IDM-VTON icon indicating copy to clipboard operation
IDM-VTON copied to clipboard

Minimum GPU memory requirements (inference)

Open tonySSAI opened this issue 1 year ago • 3 comments

Hi. I was running the inference code on a 12GB 3060GPU, but I always ran into CUDA_OUT_OF_MEMORY error no matter what I do. Following is my inference command.

accelerate launch inference.py --width 384 --height 512 --num_inference_steps 30 --output_dir "result" --unpaired \
--data_dir datasets --test_batch_size 1 --guidance_scale 2.0 --mixed_precision bf16 --enable_xformers_memory_efficient_attention

I would like to know the minimum requirements for GPU configuration for running training and inference code. Furthermore, is there any other way to decrease the memory requirements besides enabling Mixed Precision, decreasing resolution and using xformers?

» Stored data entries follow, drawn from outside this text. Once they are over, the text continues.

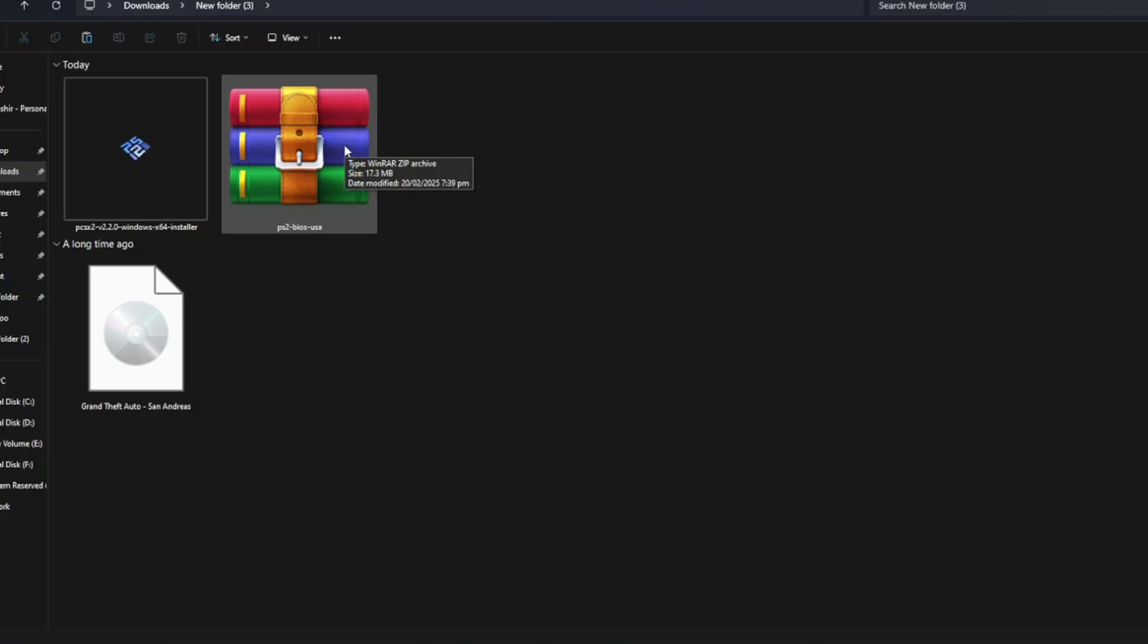Hey everyone, today I'll show you how to play the PS2 version of GTA San Andreas on your PC using the PCSX2 emulator.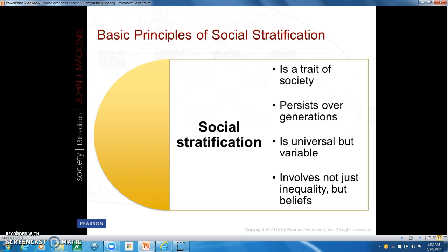Last, social stratification involves not just inequality but beliefs. Every society appears to have ideologies — cultural beliefs that justify social stratification. Ideologies are used to socialize new generations to believe that existing patterns of inequality are legitimate. For example, the idea that the rich are smart and the poor are lazy is ideological in that it defines the wealthy as worthy and suggests the poor are deserving of their plight. The common ideology of a class system is that wealth becomes a sign of personal talents and efforts, while poverty is viewed as a result of personal inadequacy.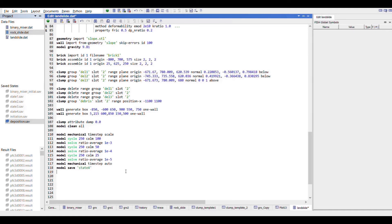After this we will change the frictional properties of the slope and add particle traces to the particles so that their positions in real time can be monitored, and we will save this as an initiation stage.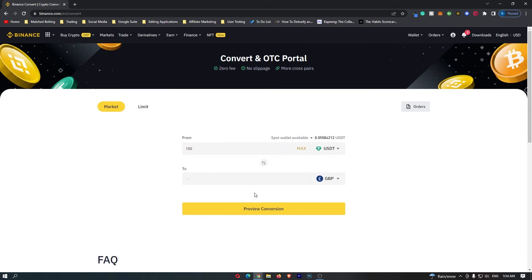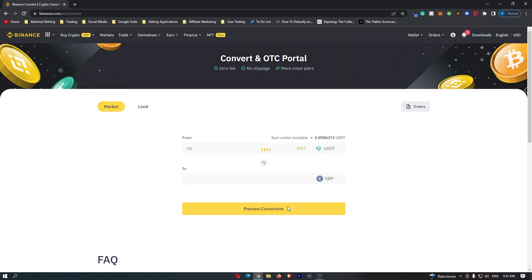Once you have done this, click Preview Conversion, and at the bottom here it will show you the amount of your currency you are going to receive. So if we convert 1000 USDT, you are going to receive 78 Great British Pounds.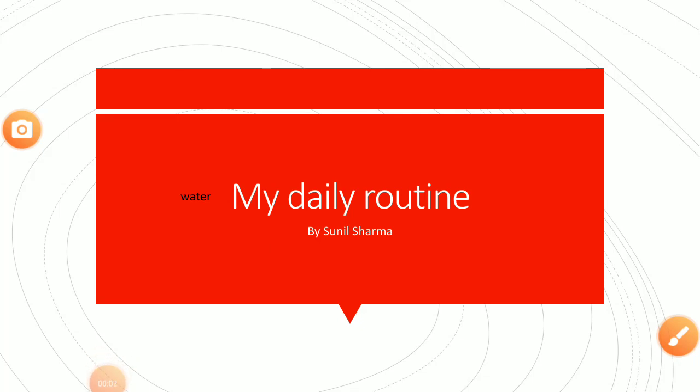Hello students, today I am going to tell you my daily routine and with the help of this you can prepare your daily routine.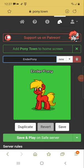What's up everyone? Welcome to another skin tutorial video of PonyTown. Today I will be showing you guys how to make an Enderman from Minecraft.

tonySSAI avatar Apr 17 '24 09:04 tonySSAI

I'm running the inference code on a 24GB 4090GPU and I'm also getting the CUDA_OUT_OF_MEMORY error

GeneralWhite avatar Apr 19 '24 06:04 GeneralWhite

From the weights sizes and the code I have been reading it needs about 30GB to load the models, but maybe you can do cpu offload between the garment UNET and denoiser UNET while copying the condition attention maps in the GPU, which are the biggest models and make it work in 16GB~ VRAM GPUs. The denoiser UNET is about 10 GB and condition UNET 12GB.

vcadillog avatar Apr 22 '24 17:04 vcadillog

Hello, we used mixed precision(fp16) for inference. It should be worked with VRAM < 18GB on fp16. You can also try more optimizations like offloading @vcadillog mentioned for further reducing VRAM.

yisol avatar Apr 22 '24 19:04 yisol